Archiving and Storing Content

Journalism Now episode on archival issues raised some interesting issues when it comes to archiving content and the longevity of the web.

In this post, I will cover some of the issues I think are important for archiving the web and provide some ideas (at least the beginning of some ideas) for automating the archival of content and applications.

It is important to note that not all these techniques will allow you to view the content right away and, in some cases, may only provide the data you can use to restore the content to a viewable state in some way, shape, or form.

I use WordPress, which is why most of these techniques are geared towards that CMS. But there’s no reason some of them wouldn’t work with other CMS systems.

Archiving old WordPress pages and posts

Some techniques for archiving WordPress content.

Archiving the site. Option 1: generating a static site with plugins

Since we’re not adding new content it may be a good idea to create a static site. The first option is to use a WordPress plugin to generate a static version of the site, doing minor site tweaks, and then moving that to the archival location.

Plugins like simply static by Code of Conduct will generate a full configurable static version of your WordPress site ready to upload to an archival or backup server.

Archiving the site. Option 2: generating a static site with Puppeteer

starting from the code in Stefan Baumgartner’s Saving and scraping a website with Puppeteer we can get a basic scrapping system in a few lines of Javascript.

const puppeteer = require('puppeteer');
const {URL} = require('url');
const fse = require('fs-extra');
const path = require('path');

async function start(urlToFetch) {
  const browser = await puppeteer.launch();
  const page = await browser.newPage();

  page.on('response', async (response) => {
    try {
      const url = new URL(response.url());
      let filePath = path.resolve(`./output${url.pathname}`);
      if (path.extname(url.pathname).trim() === '') {
        filePath = `${filePath}/index.html`;
      }
      await fse.outputFile(filePath, await response.buffer());
    } catch (error) {
      console.error(error);
    }
  });

  await page.goto(urlToFetch, {waitUntil: 'networkidle2'});

  setTimeout(async () => {
    await browser.close();
  }, 60000 * 4);
}

start('https://publishing-project.rivendellweb.net');

There are two things left to this script to make it really useful:

  • Make it recursive: Right now it captures a single URL. For it to be really useful we need to make sure it captures all the local URLs in a page
  • Make it configurable: The base URL to crawl is hardcoded into the script. To add flexibility we may want to create a CLI around it

Option 3: Generating a wrx backup file

One of the things I like a lot about WordPress is how easy it is to create a full data backup that can then be imported. This will only work if you have access to the WordPress administrator backend.
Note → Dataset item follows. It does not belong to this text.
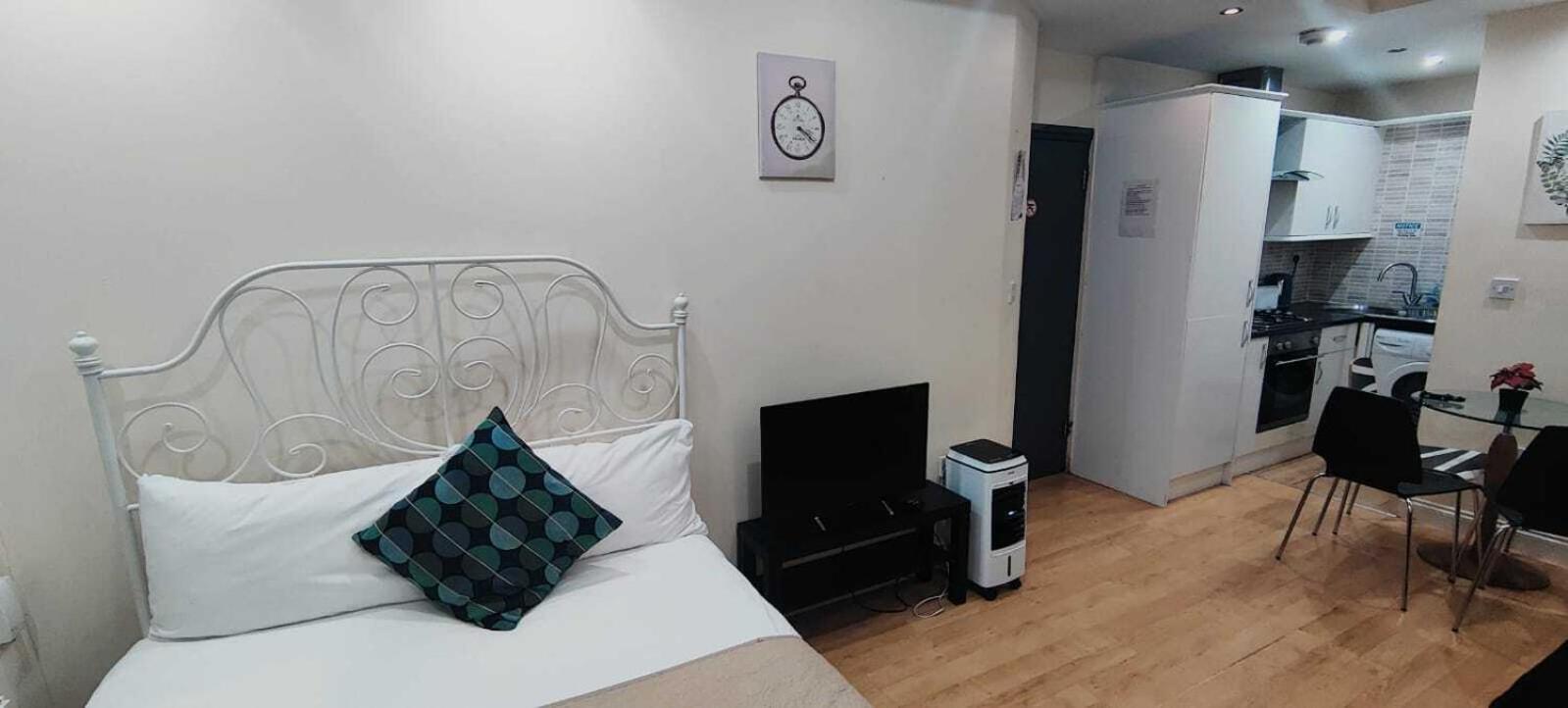 Kings City Centre Apartments Лондон Екстериор снимка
If you’re accessing the exporter for the first time you will be prompted to download the exporter plugin. The following steps assume that you’ve already downloaded it.
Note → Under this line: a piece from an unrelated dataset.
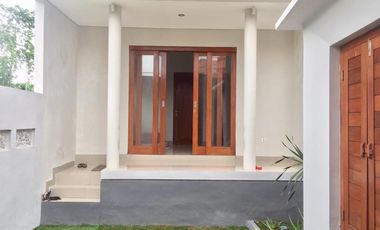 Jual Rumah Lantai 2 Lokasi Jalan Kebo Iwa Utara Denpasar Bali. Dekat Mcd ,Dekat Bali TV, Cokroaminoto, Kwanji, Dalung, Puspem Badung, Gatsu Barat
Under the tools > export menu you can choose what parts of your site you want to backup. Unless the site is large, I usually pick all content.

Once you’ve downloaded the export file you can go to your new installation and use the tools > import menu and select WordPress.
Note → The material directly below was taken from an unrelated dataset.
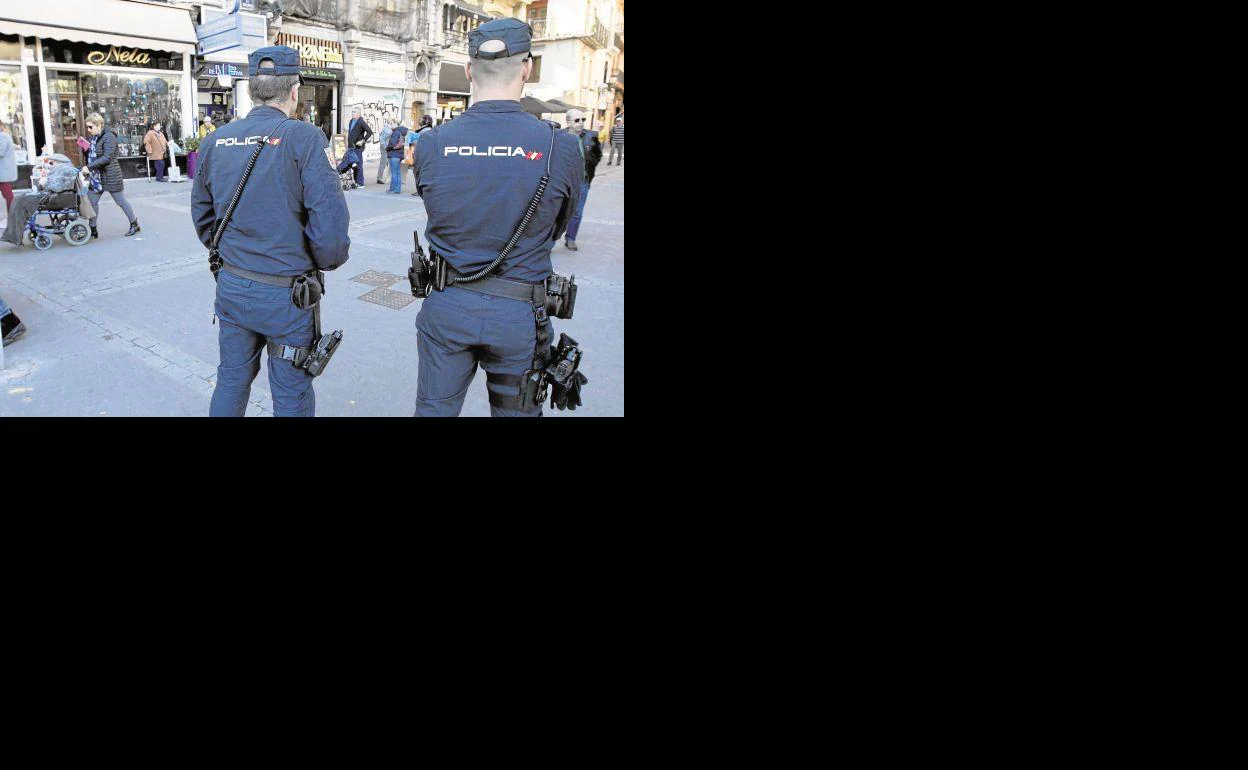 Agentes de la Policía Nacional, en las calles de Valencia.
If the site is too large we may hit an upload size limitation when uploading and we will have to come back to the exporter and create multiple, smaller, back up files and import them individually. This is a limitation of PHP and can be changed. How to increase the upload limit is beyond the scope of this post.

If there are no errors you will have equivalent content in both blogs. Now you have to worry about the presentation.

Making sure the content matches the presentation

Backing up the content is easy but how do you make sure your theme and plugins are the same in both instances? How do you decide if full parity is needed?

For example, if you do comment moderation or allow comments in your site at all, you may not want to do so in the archive site to ensure that the content is not polluted by spam.

Likewise, you’ll have to de decide if each of the features in the original site need to be ported to the archived version.

Archiving interactive content

I hear many people talk about the SpaceJam website as a sign of the web’s resilience. What people don’t realize is that the original site was modified when it was moved to the WB Archive site www.warnerbros.com/archive/spacejam/movie/jam.htm.

Archiving older content means that the content must be playable as close to the original as possible.

In the Space Jam site, this means having a properly configured Apache server that can handle server side include directives which may also require a virtual host or a VM configured with Apache.

With WordPress, it becomes more complex as the version of PHP and the number external modules you must configure is highly dependent on what plugins and functionality you want to enable. Not installing the appropriate PHP modules will, at best, render plugins unusable and, at worst, stop WordPress from working altogether.

Conclusion

Creating high fidelity archives of web content is not a trivial undertaking and must be carefully thought out and planned.

But, unless the site uses proprietary features to a given web server (like IIS or the old Netscape web servers) it shouldn’t be too difficult to implement.